The collage is busy and requires thorough study, for which none of the Keepers presently has time. It contains, among other images, a ski lift gondola; the bolded words
If Cars, Ice
; a long climbing flight of stairs reminiscent of what the Imagineers have dubbed “Escher’s Keep” in the Cinderella Castle; the horns of a monster that all recognize as Chernabog; a doll; and the Mexican temple where Dillard died at Finn’s hand. In the center of this confusion is a magic lantern—an ancient oil lamp—puffing a series of translucent steam clouds from its curved spout. It’s beautifully shaded and realistic. Among the clouds of steam float words
A
wry snake is the key
, partially obscured by shading
.
Shoe prints and cat paw prints wind confusingly like a net around and across the other images.
“What does it mean?” Finn asks.
“In my dream, the lantern was important. I saw you, Finn, out of breath and facing it. You rubbed it and—”
“I rubbed it?” Finn says.
“And then disappeared,” says Amanda anxiously.
“Yeah,” Jess says to her sister, as if continuing an argument, “but maybe I awoke then, before I could see what happened.”
“You did not awake. You saw a snake.”
“But it could have been a different dream.”
“You were scared. You woke up scared. You told me that. Finn was in trouble.”
“Finn is
always
in trouble in your dreams, Jess,” Willa says.
“Not
always
,” Jess replies disagreeably.
“In a large percentage of them then.”
“Explain the words,” the Professor says. “The ‘Cars’ thing, the snake thing.”
“Cars Land,” Willa says into the headsets. “California Adventure. Ice? Maybe the mountains in the scenery?”
Finn repeats her words for the sake of Amanda and Jess, who don’t have headsets. Heads bob. Only Philby ever beats Willa to such instant analysis. It’s a competition between them.
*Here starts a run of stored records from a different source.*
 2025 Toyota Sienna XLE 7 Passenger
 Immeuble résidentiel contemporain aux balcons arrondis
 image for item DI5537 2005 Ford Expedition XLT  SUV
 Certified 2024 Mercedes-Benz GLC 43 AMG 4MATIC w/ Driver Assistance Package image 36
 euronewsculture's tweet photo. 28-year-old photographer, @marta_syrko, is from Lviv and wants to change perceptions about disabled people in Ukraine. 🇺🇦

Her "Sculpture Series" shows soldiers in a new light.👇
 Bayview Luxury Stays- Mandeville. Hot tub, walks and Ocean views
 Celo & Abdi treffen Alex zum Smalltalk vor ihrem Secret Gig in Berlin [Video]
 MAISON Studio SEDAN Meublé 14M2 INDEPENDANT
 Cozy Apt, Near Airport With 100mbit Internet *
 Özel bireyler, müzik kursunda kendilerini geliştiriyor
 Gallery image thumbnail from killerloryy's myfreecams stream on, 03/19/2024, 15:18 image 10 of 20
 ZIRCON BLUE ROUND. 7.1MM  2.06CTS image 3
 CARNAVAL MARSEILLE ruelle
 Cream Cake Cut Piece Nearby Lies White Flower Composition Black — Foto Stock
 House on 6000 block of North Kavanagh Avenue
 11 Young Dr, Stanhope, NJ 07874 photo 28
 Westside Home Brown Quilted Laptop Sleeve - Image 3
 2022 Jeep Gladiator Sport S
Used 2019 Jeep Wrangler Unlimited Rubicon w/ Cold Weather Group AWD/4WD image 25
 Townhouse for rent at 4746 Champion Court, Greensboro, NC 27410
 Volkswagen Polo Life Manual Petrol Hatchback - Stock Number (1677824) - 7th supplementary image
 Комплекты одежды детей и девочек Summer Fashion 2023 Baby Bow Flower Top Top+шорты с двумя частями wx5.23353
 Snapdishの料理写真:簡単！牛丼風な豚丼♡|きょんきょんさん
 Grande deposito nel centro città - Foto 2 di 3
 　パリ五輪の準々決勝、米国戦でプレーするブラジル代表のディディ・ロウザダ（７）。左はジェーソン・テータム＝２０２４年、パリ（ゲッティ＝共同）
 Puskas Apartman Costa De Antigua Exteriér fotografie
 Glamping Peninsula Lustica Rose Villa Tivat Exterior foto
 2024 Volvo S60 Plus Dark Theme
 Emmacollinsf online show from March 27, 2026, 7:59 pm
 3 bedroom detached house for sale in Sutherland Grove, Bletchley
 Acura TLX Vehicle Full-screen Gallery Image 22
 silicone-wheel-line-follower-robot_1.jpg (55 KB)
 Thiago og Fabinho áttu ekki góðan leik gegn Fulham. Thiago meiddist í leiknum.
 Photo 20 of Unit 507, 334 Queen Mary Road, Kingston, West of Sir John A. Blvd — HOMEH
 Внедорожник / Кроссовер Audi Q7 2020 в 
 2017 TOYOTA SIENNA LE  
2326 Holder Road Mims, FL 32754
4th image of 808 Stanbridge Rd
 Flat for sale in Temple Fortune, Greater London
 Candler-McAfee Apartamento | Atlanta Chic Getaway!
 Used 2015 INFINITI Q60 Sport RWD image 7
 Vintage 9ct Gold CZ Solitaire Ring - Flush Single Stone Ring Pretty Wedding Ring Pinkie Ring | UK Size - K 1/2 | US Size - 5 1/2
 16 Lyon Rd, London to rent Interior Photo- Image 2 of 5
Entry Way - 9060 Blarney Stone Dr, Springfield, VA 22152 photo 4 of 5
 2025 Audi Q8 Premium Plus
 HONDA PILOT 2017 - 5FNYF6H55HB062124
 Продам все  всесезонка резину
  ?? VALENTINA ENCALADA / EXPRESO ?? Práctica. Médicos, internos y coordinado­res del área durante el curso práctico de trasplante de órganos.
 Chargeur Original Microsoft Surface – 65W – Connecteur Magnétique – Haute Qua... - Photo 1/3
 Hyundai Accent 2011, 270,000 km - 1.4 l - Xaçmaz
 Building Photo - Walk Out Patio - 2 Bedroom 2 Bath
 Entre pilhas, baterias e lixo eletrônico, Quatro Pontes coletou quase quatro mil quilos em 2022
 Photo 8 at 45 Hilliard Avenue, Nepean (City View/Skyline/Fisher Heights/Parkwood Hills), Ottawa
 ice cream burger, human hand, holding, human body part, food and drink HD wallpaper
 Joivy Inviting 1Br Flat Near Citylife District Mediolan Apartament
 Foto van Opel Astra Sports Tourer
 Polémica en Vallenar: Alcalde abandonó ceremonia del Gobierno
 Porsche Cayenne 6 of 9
“The snake,” Jess says timidly. “It’s true what Amanda said: I did have a nightmare involving this humongous snake and Finn. But the words…I don’t know. I draw what I see. You know? That’s where the words—those exact words—belong on the page. I know that sounds stupid—”
“It doesn’t.” The Professor is the final arbiter of what is and is not considered stupid. He has passed judgment. “The brain’s subconscious functions cannot—”
Maybeck makes a loud snoring sound over the headset. Charlene covers her smile. Philby reddens, highlighting his ginger complexion, but recovers quickly.
“Any explanation for the articles and the verb being less important? Only ‘wry,’ ‘snake,’ and ‘key’ are shaded.”
“You’re killing me here, Philby,” says Maybeck.
Jess levels sympathetic eyes on Philby as she shakes her head. “I draw what I see.”
“Why so urgent?” Philby asks. “Your text—” He pauses, then explains to the others, “Jess texted me, saying that they needed to cross over, needed to see us tonight.”
“Actually, I asked you first what color shirt Finn was wearing,” Jess says.